==== Input data ====

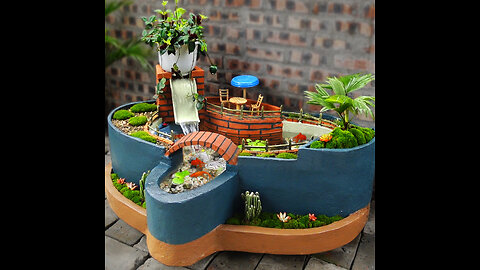 Amazing ideas from cement only - Build a beautiful outdoor mini aquarium park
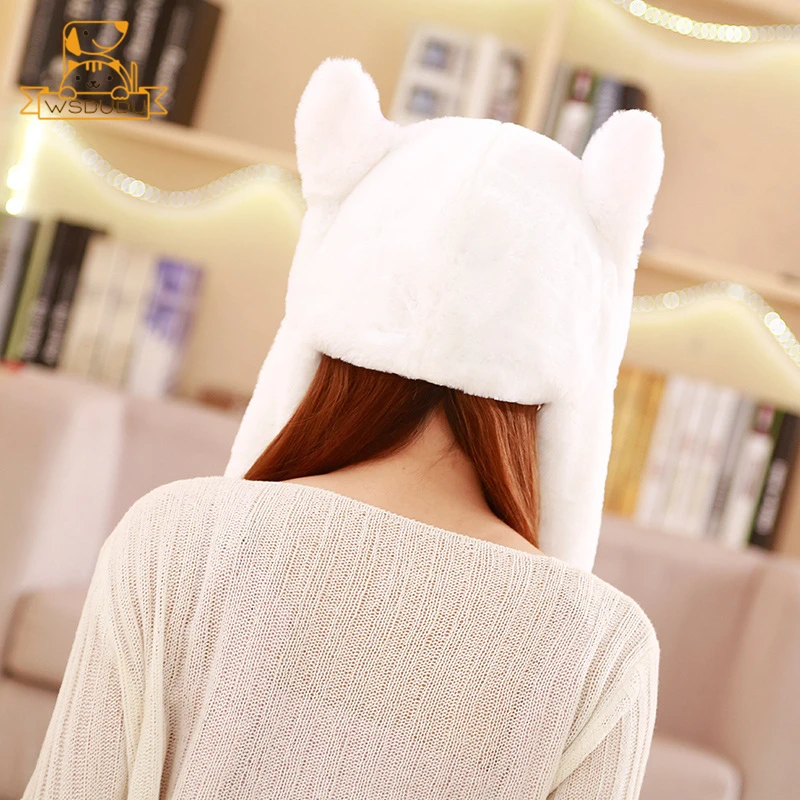 Кавайная шапка с движущимися ушами в виде животных кролик кошка собака свинья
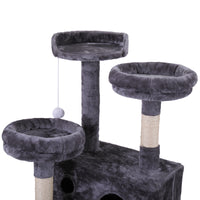 Cat Tree Cat Tower With Scratching Ball, Plush Cushion, Ladder And Condos For Indoor Cats, Gray Gray Wood Fabric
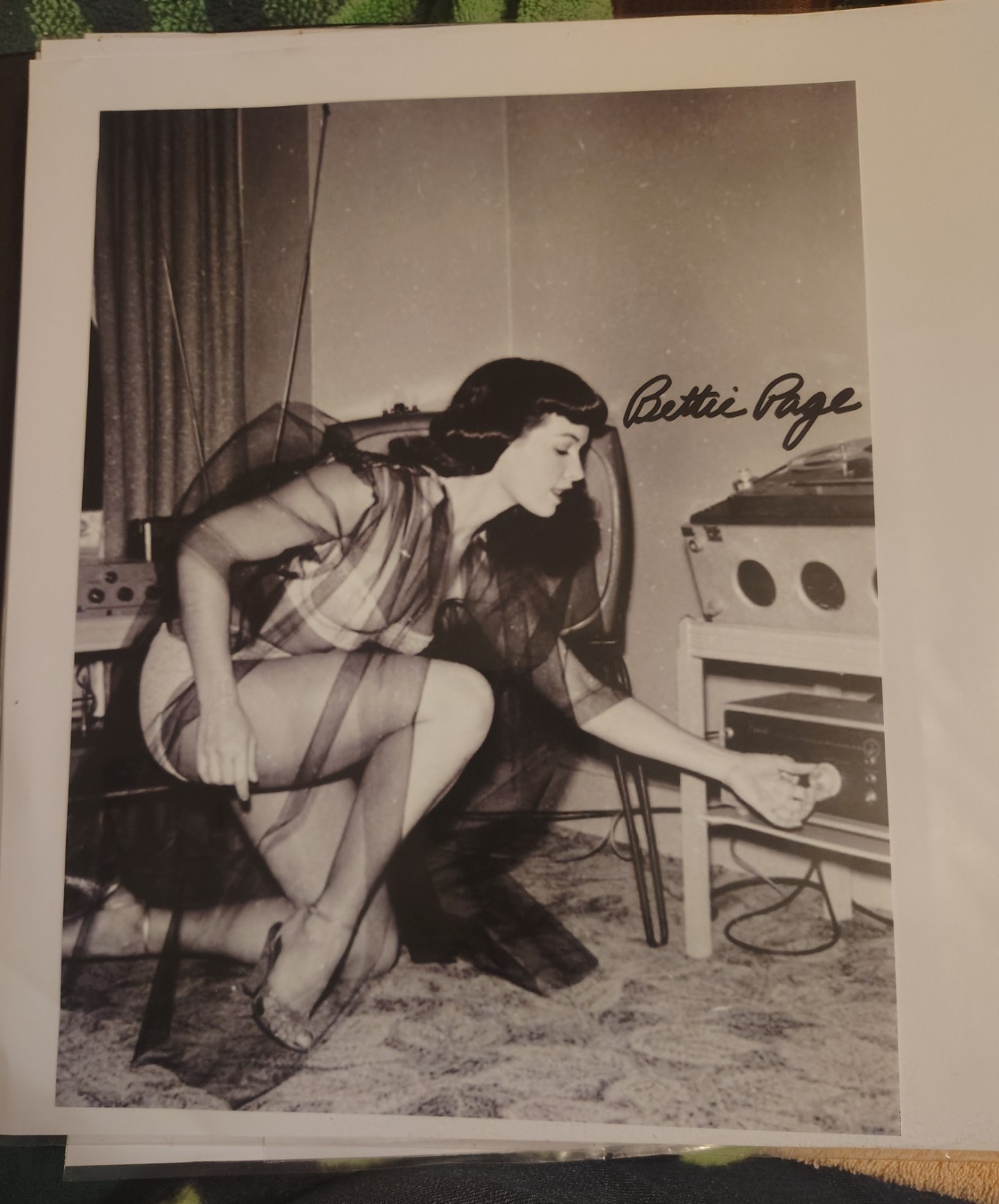 Bettie Page signed Black & White original photo print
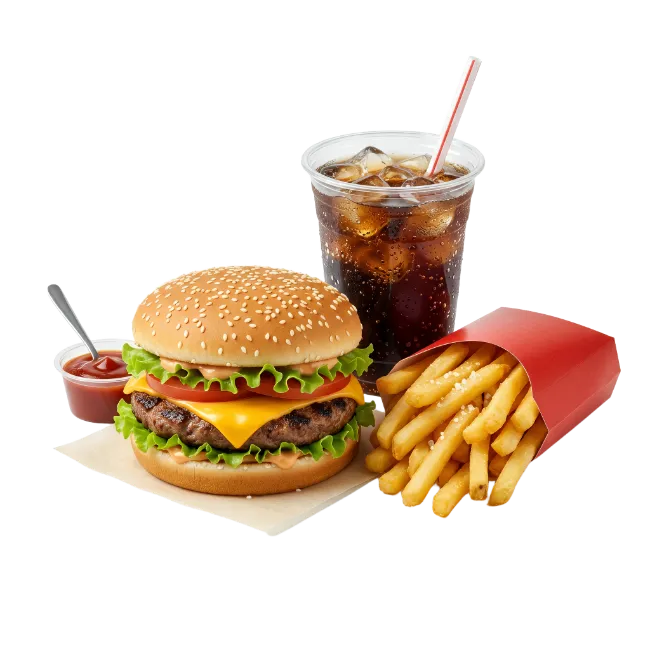 Cheeseburger Meal with Fries and Soda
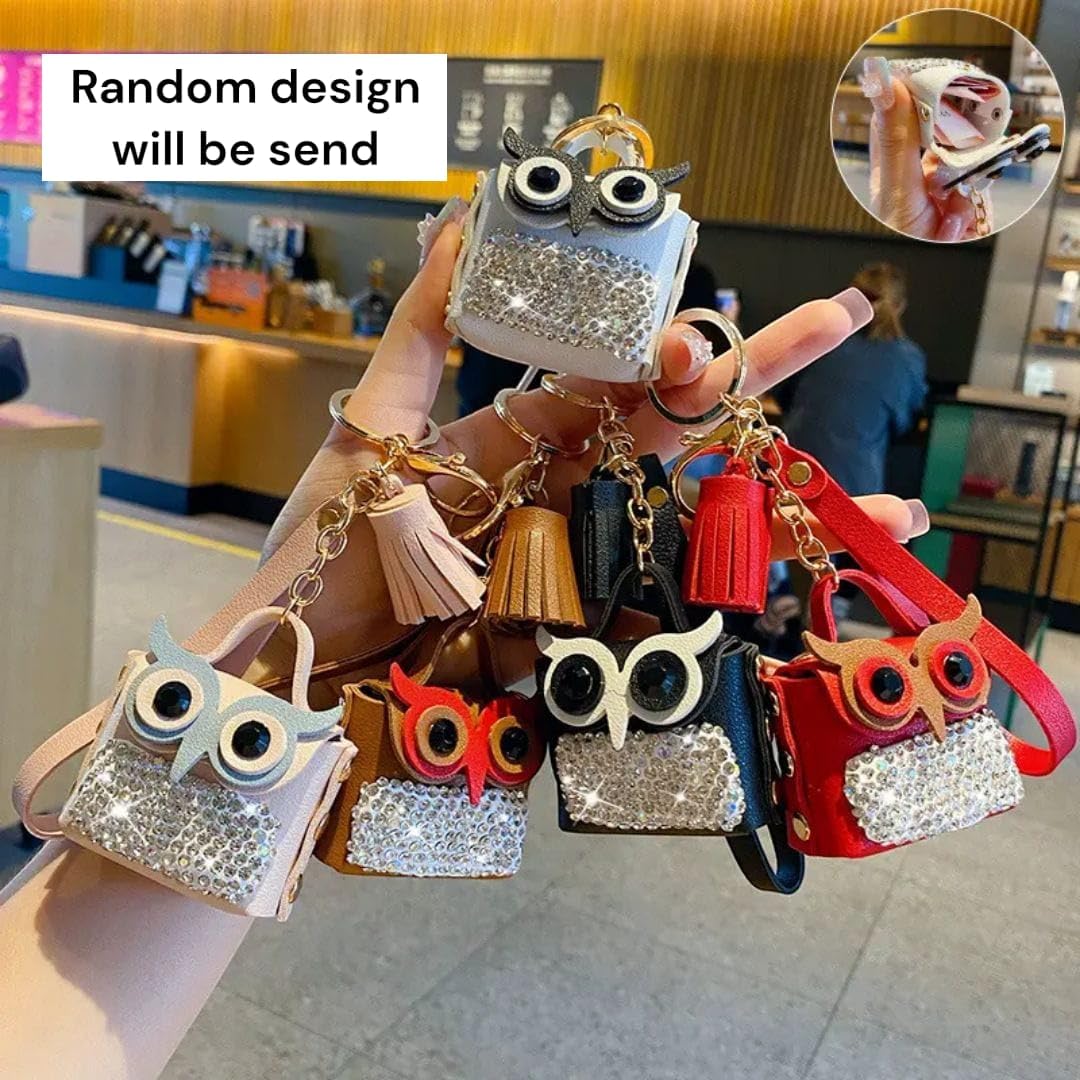 TERA 13 Owl Eye Mini Small Handbag Keychain/Keyring Bag Earphone Storage Mini Lovely Coin Purse Wallet Keychain Cute Coin Purse Key Rings Keychain 1pcs - Image 3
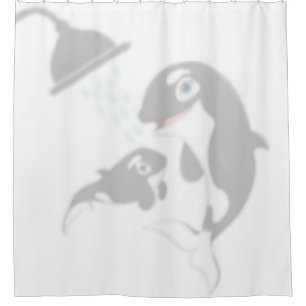 Mum And Baby Whales Shadow Buddies in Shower Curtain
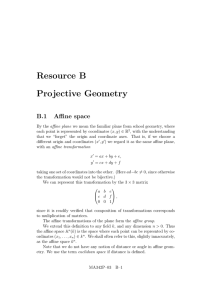 Resource B Projective Geometry B.1 Affine space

====

The reply should contain all of the data above, word for word, with no pictures.

 Amazing ideas from cement only - Build a beautiful outdoor mini aquarium park
 Кавайная шапка с движущимися ушами в виде животных кролик кошка собака свинья
 Cat Tree Cat Tower With Scratching Ball, Plush Cushion, Ladder And Condos For Indoor Cats, Gray Gray Wood Fabric
 Bettie Page signed Black & White original photo print
 Cheeseburger Meal with Fries and Soda
 TERA 13 Owl Eye Mini Small Handbag Keychain/Keyring Bag Earphone Storage Mini Lovely Coin Purse Wallet Keychain Cute Coin Purse Key Rings Keychain 1pcs - Image 3
 Mum And Baby Whales Shadow Buddies in Shower Curtain
 Resource B Projective Geometry B.1 Affine space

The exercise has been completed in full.